Records shown:
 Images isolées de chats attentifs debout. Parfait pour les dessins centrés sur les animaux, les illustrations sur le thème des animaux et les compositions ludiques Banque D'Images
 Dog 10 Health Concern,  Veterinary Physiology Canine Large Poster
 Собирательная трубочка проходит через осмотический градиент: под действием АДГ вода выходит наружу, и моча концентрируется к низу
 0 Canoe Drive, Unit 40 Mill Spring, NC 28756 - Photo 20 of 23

--

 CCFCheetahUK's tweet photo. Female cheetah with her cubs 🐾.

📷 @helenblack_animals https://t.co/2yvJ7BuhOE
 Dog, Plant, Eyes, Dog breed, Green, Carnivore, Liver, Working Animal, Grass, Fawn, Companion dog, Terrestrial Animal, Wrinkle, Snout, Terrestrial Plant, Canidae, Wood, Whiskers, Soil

Problem statement:
The required output is the stretch of entries above from the line containing "Собирательная трубочка проходит" through the line containing "0 Canoe Drive, Unit", reproduced exactly.

Reply:
 Собирательная трубочка проходит через осмотический градиент: под действием АДГ вода выходит наружу, и моча концентрируется к низу
 0 Canoe Drive, Unit 40 Mill Spring, NC 28756 - Photo 20 of 23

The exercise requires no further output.